林覺臉上一紅,忙道:“先生請原諒學生的孟浪,學生對浣秋是真心實意的,也正要稟報家主請人上門提親的。”
方敦孺擺手道:“老夫不是怪你,你和浣秋的事,我和你師母也看在眼中。”
林覺忙道:“這麽說先生是不反對了?說是師母和浣秋她們去京城了,但不知她們什麽時候回來?探訪的那位名醫當真有手段麽?花多少錢都成,先生這裏不方便的話,學生可代為籌措。”
方敦孺默默的看著林覺,半晌後沉聲道:“這裏有浣秋留給你的一封信,你先看看再說吧。”
方敦孺伸手從書架的一本書頁之中抽出一封信來遞給林覺。林覺忙伸手接過來,那信封上寫著‘林覺親啟’四個娟秀的小字,那正是方浣秋的筆跡。
林覺迫不及待的打開信封抽出一張素簡,一股淡淡的香味沁入鼻中,這香味正是熟悉的方浣秋身上的味道。方浣秋喜歡茉莉香氣,隨身所用之物都愛熏茉莉香片,這信箋上的香氣便如同她身上的香味一般。
林覺緩緩展開素簡,一行行端正娟秀的簪花小楷出現在眼前。
“林郎卿卿,見字如麵。郎自遠行以來,浣秋日日所思夜夜所想皆為林郎,涕淚不知凡幾。每日立於崖頂山巔,茫然眺望不知君之所至。念君思君,唯天地白雲知我之心……”

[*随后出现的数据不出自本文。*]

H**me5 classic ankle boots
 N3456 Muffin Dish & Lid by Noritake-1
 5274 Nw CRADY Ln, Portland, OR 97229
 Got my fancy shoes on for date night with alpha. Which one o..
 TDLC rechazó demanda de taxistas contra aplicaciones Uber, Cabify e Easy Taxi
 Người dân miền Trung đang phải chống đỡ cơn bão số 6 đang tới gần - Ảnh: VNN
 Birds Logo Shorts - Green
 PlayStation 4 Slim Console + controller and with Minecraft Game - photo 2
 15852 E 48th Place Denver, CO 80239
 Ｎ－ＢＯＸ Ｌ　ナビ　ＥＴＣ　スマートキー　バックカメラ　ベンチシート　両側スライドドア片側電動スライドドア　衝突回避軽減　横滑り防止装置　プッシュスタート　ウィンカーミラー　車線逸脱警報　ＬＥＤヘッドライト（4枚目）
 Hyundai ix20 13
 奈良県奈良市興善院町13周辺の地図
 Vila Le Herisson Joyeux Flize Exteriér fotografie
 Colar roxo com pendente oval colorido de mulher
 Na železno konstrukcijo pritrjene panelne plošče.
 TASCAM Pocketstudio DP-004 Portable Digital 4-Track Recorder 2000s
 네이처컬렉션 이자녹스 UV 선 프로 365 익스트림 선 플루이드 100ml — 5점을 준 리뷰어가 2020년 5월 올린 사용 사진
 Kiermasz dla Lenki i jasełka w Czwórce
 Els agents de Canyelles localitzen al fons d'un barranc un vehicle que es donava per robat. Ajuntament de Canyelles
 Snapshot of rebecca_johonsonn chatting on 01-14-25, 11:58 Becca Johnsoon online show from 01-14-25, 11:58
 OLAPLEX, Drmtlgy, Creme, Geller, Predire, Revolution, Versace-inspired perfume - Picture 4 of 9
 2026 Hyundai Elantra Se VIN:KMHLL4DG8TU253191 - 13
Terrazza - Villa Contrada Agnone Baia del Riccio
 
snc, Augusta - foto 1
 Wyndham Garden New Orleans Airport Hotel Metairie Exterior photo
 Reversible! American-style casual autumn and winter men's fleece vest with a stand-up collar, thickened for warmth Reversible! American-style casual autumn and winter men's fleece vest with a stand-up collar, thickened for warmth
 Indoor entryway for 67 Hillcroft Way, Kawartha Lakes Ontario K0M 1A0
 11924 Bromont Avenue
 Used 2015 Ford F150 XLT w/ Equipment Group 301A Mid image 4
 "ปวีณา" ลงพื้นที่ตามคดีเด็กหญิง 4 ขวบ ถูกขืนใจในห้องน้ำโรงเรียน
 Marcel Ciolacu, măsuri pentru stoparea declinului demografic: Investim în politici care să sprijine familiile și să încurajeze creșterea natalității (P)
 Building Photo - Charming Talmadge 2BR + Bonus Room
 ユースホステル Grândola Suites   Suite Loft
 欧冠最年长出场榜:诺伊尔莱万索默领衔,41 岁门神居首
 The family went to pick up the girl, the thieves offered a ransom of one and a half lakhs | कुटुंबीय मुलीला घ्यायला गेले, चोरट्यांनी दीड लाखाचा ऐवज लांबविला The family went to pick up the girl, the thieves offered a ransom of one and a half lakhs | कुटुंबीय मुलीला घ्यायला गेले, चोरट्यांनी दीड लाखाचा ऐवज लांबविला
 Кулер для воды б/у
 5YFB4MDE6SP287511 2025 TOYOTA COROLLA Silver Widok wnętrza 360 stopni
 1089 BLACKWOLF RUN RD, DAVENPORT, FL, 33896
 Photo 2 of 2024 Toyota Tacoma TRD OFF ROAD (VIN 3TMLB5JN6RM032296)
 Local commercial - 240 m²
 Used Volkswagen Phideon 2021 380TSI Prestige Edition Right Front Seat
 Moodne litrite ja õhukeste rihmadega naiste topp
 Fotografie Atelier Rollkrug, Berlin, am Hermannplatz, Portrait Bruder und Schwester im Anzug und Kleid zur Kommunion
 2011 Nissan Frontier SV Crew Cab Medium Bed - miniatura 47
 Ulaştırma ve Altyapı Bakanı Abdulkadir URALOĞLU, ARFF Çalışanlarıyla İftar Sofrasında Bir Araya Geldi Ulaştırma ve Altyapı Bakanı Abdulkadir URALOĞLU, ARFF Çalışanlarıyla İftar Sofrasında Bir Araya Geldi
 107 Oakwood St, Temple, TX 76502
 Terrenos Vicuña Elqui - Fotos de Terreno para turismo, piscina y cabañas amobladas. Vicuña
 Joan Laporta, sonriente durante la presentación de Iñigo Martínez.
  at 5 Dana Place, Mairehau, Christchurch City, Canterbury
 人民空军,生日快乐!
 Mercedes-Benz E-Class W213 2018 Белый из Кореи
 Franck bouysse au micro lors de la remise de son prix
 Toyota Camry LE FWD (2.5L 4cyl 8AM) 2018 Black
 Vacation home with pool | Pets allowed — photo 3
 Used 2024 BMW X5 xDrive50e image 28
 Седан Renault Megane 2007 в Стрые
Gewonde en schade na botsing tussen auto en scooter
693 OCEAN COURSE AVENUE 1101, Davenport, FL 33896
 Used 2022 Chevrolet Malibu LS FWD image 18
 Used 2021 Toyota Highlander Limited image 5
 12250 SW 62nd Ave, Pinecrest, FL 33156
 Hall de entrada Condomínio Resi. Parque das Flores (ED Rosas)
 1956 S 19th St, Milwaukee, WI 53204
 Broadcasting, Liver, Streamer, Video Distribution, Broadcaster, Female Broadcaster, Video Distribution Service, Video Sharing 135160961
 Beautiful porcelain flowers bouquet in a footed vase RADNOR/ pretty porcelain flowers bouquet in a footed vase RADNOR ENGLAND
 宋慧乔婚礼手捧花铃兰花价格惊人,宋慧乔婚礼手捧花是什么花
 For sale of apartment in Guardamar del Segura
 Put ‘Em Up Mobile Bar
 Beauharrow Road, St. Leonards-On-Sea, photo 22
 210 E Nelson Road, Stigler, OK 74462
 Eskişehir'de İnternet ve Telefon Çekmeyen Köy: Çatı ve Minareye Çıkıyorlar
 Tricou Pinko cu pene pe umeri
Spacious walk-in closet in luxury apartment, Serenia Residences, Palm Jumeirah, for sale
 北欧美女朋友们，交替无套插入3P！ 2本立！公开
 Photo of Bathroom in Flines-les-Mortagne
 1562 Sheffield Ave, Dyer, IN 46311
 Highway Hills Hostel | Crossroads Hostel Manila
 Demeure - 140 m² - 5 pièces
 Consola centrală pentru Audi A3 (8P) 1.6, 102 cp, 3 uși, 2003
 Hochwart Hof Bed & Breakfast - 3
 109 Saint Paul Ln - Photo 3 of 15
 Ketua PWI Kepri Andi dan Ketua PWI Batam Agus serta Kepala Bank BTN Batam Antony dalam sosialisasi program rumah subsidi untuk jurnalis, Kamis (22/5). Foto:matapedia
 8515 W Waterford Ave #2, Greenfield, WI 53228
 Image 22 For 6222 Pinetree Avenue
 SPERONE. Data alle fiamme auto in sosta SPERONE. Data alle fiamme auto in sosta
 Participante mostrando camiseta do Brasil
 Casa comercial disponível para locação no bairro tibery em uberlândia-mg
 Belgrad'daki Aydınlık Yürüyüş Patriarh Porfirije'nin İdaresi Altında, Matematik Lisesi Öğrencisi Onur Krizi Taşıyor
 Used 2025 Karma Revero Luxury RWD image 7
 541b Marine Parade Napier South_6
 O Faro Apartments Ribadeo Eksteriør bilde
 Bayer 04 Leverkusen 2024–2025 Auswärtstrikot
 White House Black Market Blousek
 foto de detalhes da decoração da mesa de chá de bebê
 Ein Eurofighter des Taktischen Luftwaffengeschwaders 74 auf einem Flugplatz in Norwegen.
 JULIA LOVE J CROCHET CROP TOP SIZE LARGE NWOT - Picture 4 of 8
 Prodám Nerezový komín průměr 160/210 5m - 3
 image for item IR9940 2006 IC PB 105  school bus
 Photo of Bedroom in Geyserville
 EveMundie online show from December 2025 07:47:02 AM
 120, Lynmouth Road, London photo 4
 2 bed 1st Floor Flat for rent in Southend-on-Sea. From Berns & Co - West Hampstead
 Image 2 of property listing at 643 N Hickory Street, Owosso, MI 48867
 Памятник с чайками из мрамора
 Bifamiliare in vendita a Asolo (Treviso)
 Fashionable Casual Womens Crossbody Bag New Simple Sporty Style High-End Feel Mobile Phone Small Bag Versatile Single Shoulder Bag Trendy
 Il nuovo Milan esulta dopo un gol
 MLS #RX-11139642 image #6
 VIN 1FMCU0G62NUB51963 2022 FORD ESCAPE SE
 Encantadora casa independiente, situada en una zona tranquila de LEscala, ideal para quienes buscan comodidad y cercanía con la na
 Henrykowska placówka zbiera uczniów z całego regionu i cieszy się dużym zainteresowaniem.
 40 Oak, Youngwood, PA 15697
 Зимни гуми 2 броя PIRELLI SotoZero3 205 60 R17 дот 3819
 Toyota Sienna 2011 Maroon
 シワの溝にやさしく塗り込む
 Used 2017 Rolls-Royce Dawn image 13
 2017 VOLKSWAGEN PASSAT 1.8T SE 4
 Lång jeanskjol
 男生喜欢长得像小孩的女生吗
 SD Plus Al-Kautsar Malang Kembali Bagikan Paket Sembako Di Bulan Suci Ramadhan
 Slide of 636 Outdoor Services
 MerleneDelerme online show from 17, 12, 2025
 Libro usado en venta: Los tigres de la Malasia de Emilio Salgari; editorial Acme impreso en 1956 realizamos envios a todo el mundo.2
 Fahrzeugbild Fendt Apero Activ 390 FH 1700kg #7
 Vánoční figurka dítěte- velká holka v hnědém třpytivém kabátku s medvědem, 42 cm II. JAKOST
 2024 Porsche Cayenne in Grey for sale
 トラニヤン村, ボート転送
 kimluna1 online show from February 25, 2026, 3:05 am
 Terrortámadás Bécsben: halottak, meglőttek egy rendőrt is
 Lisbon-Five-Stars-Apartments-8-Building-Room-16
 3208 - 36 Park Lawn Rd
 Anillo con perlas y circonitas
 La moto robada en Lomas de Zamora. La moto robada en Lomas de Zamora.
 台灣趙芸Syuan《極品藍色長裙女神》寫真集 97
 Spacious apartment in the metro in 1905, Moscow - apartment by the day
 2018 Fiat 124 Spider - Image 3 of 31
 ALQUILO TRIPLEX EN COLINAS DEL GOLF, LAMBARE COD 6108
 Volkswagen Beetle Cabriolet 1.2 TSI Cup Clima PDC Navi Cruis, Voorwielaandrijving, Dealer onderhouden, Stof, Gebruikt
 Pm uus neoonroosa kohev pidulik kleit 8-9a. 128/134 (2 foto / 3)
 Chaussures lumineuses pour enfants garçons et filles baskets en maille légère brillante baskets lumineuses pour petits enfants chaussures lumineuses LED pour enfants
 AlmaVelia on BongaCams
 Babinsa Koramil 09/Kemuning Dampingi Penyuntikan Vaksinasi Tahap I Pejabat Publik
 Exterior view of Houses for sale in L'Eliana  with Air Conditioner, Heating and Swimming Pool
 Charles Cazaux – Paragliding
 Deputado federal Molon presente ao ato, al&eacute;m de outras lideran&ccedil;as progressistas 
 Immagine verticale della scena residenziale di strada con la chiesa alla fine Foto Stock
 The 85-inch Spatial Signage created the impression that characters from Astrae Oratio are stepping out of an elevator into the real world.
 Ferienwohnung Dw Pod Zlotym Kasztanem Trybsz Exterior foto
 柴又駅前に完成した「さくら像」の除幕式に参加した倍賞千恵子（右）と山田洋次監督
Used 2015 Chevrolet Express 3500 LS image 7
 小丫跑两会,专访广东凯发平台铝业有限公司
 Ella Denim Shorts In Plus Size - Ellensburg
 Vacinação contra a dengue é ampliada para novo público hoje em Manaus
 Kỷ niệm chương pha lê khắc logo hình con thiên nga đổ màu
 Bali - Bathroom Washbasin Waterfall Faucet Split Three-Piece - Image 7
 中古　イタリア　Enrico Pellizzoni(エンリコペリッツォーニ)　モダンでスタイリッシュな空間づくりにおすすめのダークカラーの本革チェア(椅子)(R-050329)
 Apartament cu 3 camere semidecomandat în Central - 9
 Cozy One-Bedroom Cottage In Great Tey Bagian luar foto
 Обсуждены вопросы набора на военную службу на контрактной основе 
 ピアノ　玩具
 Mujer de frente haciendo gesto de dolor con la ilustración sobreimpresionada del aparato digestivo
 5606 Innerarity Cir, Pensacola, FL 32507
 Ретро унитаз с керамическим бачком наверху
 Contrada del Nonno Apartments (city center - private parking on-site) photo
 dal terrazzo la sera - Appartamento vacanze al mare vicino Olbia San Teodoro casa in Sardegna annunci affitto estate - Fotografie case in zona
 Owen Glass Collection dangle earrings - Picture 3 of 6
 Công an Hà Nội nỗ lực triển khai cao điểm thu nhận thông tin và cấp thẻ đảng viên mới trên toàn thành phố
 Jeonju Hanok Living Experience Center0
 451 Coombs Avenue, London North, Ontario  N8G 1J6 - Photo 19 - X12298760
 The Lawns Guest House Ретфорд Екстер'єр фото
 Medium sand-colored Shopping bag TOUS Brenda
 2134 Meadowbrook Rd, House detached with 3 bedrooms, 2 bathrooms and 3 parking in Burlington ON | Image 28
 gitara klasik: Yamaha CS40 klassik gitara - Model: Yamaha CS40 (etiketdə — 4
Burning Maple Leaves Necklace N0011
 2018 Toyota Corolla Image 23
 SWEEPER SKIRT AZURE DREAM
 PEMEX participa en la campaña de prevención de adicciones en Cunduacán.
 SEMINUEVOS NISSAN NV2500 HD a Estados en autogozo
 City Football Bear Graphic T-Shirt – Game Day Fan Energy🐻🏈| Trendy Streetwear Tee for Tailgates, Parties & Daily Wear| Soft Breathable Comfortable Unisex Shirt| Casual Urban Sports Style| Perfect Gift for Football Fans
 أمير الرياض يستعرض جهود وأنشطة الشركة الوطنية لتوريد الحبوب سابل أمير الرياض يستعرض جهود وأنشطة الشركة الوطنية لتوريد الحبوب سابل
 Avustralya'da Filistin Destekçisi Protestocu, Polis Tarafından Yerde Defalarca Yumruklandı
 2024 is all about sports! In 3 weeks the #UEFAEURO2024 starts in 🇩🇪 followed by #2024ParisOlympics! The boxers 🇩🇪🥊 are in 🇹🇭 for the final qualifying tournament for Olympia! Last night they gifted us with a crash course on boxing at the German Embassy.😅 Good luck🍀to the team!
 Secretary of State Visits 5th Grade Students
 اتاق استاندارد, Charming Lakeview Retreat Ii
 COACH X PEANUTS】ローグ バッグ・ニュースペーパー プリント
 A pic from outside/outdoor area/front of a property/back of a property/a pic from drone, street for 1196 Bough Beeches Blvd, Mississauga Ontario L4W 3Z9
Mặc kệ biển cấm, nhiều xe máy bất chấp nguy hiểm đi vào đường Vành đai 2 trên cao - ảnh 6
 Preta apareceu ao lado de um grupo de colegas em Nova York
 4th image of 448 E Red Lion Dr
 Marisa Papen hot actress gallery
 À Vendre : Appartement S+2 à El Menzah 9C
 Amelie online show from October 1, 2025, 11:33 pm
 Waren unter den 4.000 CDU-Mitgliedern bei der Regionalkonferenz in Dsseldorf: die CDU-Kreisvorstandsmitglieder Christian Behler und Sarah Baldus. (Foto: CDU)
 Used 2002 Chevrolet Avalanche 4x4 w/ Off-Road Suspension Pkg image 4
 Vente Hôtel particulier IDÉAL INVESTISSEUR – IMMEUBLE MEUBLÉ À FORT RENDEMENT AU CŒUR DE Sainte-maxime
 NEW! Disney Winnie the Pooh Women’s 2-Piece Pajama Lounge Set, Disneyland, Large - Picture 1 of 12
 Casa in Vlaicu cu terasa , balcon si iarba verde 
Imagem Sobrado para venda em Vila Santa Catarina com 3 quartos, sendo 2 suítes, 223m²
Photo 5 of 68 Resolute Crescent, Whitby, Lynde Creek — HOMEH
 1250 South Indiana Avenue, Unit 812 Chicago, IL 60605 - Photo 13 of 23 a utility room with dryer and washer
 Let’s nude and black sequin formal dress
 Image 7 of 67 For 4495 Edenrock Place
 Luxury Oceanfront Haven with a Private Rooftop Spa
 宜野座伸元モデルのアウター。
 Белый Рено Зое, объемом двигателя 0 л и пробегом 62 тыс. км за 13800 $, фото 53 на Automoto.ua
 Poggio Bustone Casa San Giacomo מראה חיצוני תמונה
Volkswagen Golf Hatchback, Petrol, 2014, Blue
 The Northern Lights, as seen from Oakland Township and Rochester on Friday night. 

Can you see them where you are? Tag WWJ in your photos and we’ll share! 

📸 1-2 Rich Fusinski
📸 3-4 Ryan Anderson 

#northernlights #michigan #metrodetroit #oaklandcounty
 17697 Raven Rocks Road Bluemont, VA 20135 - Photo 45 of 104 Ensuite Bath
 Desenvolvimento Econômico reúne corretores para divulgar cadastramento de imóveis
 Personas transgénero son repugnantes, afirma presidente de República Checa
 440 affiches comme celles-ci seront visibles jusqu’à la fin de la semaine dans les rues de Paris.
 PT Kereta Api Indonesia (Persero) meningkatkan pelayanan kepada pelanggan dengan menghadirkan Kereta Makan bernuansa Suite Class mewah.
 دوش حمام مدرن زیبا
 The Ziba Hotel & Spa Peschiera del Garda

林覺眼中酸澀,隻讀數言竟有湧淚之感。他似乎在腦海中看到了自己走後,每日裏方浣秋惆悵所失輾轉反側的模樣。每日裏穿行於後山高草之中,立於山崖之上眺望的情形。心中既感動又酸楚。
“……奴自小身染重疾,自知陽壽短暫,生死難料。本以為此生再無所想再無所願,但老天垂憐,讓郎君出現在我身邊,讓奴感受到活著是多麽好的事情。君之憐愛,奴感激至深,銘記肺腑之中。”
“那日你離別之際,許下山盟之誓要娶我為妻,郎君可知我歡喜的數日未眠,無時無刻不在盼望著那一天的到來。然冷靜思索之後,雖我很想成為林家之婦,為你端茶送水侍奉一生。但是我卻知道,以浣秋病怏之軀,既不能為林家生兒育女,亦不能侍奉郎君與君白頭偕老,所以,這終歸是一場美夢而已。浣秋深信君之真心,但浣秋不能太過自私。”